Task statement - Using the data beneath this instruction, retype only the lines from the one that contains "Mininor ammeindlæg og" down to the one that contains "Glenfiddich 21 Years", both included, exactly as they appear.

Data extract -
··········

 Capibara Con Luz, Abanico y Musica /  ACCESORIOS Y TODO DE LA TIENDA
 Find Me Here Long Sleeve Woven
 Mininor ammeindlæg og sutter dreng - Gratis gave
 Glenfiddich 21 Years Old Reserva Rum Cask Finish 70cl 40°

··········

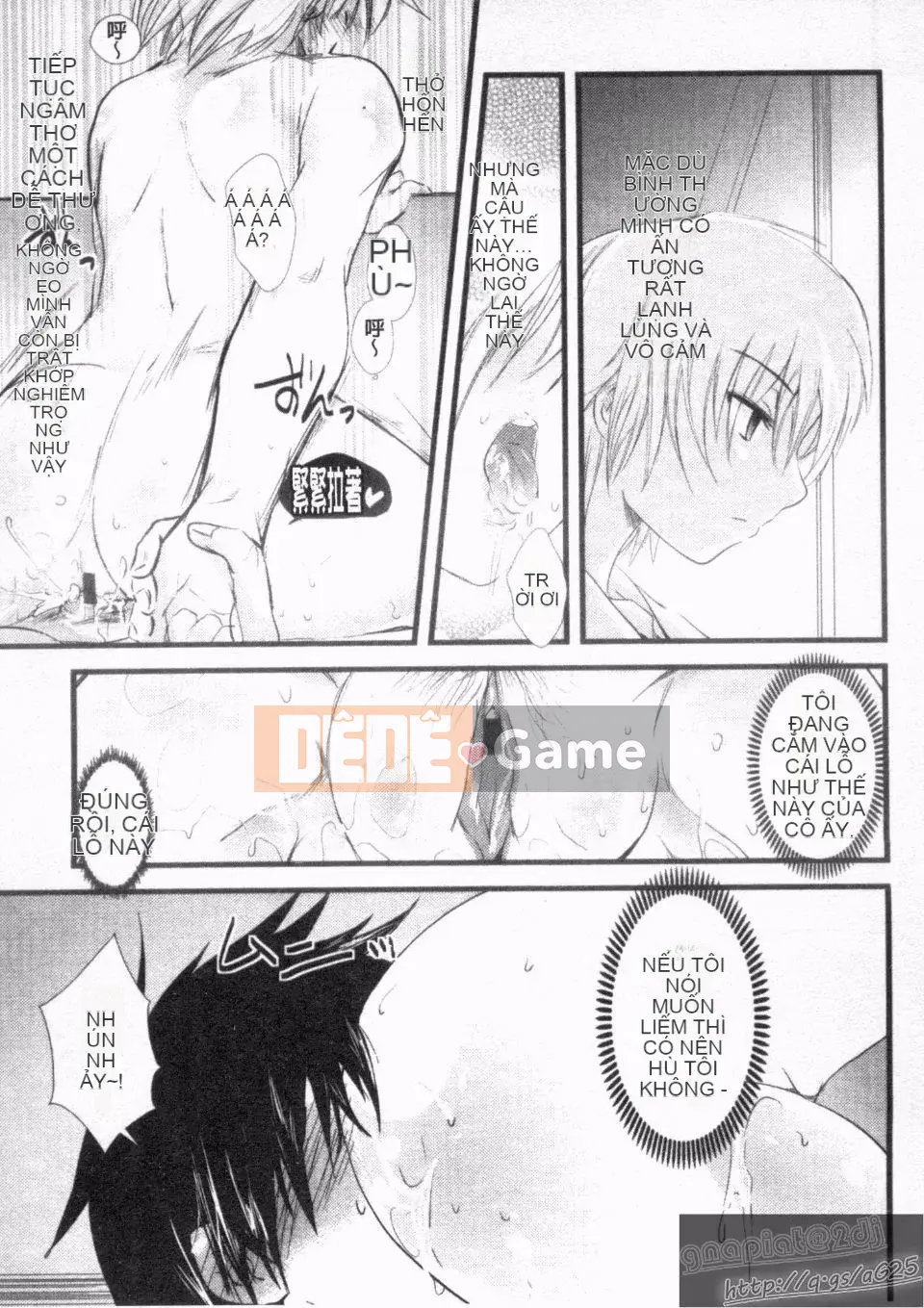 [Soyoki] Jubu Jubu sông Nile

··········

Response to the task -
 Mininor ammeindlæg og sutter dreng - Gratis gave
 Glenfiddich 21 Years Old Reserva Rum Cask Finish 70cl 40°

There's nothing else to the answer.